Guy Gardner once again shows why he’s someone you want covering your back in a firefight. As much as he can be really grating sometimes, Peter Tomasi shows us why Guy is on the Honor Guard. For the first time we really see the Black Lantern rings create a construct – and boy what first impression! For those who haven’t read the original “Tales of the Green Lantern Corps” three issue mini-series from 1981, the construct looks very much like Nekron as he appeared back then, but with bat wings.
Guy and Kyle’s conversation add another note of foreboding when Guy says that there’s going to be “a lot of blood on the floor on this one.” Kyle grabs Guy and leaves the fray while the rest of the Green Lanterns try to stop the Nekron construct from literally ripping the central power battery from the surface of Oa.
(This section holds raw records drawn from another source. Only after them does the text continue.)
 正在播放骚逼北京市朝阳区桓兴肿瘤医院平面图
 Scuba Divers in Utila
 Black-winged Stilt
Vice, easily the most ruthless of the Red Lanterns, is set loose by Kyle and Guy and he takes he rage out on the Black Lanterns. Vice’s activities server their purpose as the Black Lanterns he systematically tears apart have to divert their energies to reconstructing their bodies, slowing down the process of the Nekron construct.
It looks like the good guys are gaining the upper hand when Chaselon’s Alpha Lantern programming makes him exact justice on Vice which results in the Nekron construct gaining steam again. With a new target, the Black Lanterns attack and destroy Chaselon, causing a fissure in his internal power battery. Salaak informs Kyle that this fissure could cause the battery to rupture – which would be a very bad thing. Kyle flies in and grabs the damaged battery and lures the Black Lanterns towards him, placing an energy dome over them all.
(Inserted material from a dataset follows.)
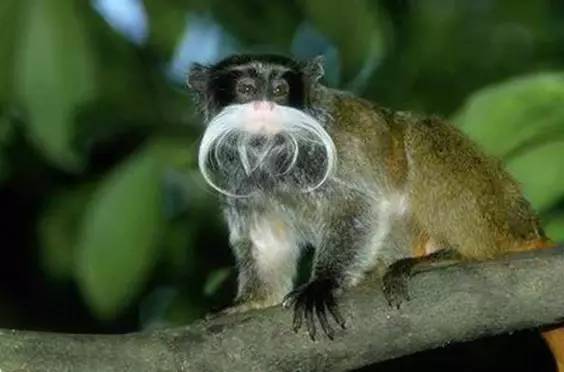 十种你肯定没见过的动物,令人惊艳的17种动物绝对罕见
After telling Soranik Natu that he loves her and Guy as well, we get one big explosion. Cue up the last page with a picture of Kyle lying amidst a pile of Black Lantern rings. His ring declares him deceased, leaving Kyle’s hand and heading for Sector 2261, presumably to stay on Mogo until the moratorium on giving out rings is lifted.
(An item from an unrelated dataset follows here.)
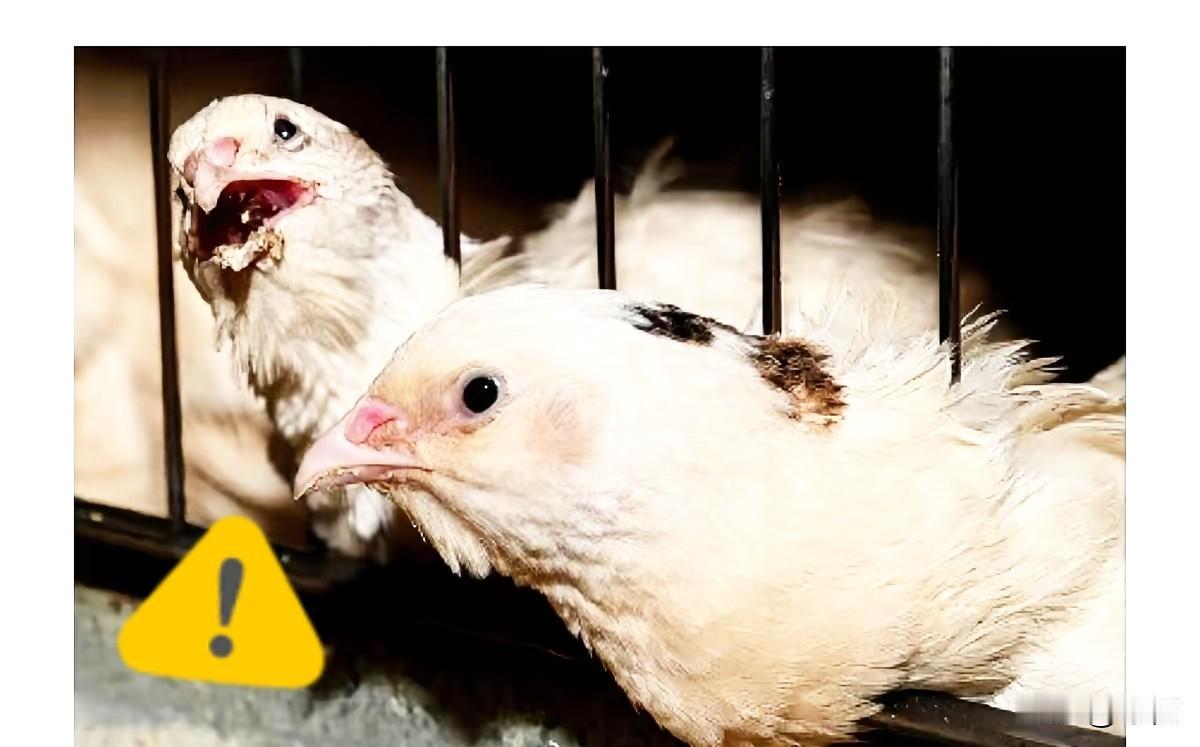 刚从日本回国的大熊猫，算是躲过一劫。就在它们踏上回家路的时候，日本千叶县那边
So there you have it, the death of Kyle Rayner. Now I don’t think for a minute that this is going to stick. Since the time that the image was released showing Guy Gardner as a Red Lantern I knew that only two things would be able to incite the rage in him to the right level. Either the death of Ice or the death of Kyle. Since Ice just came back and inserting her in the story would be a greater leap of plot, I figured that Kyle was going to be a goner.
I know that right now Kyle fans everywhere are posting outrage on a number of forums. And I really think it’s an overreaction, but I certainly understand it. I’ll be putting up my own commentary on it later tonight since it would detract from reviewing this issue, but I’ll say this now – we’re only half way through a story who’s theme is death and resurrection! No way that Hal is going to let Kyle stay dead and I expect he’ll be entering Nekron’s Land of the Unliving for a second time to bring back the man who helped him have his own rebirth. But I hope we also see a Black Lantern Kyle before he returns.
In terms of this issue, Peter Tomasi has done a great job once again. And Pat Gleason’s artwork continues to impress. Those splash pages really did a great job of illustrating the scope of the crisis at hand and pack a lot of dramatic punch. The variant cover by Greg Horn totally rocks.
This issue is definitely worth ten lanterns!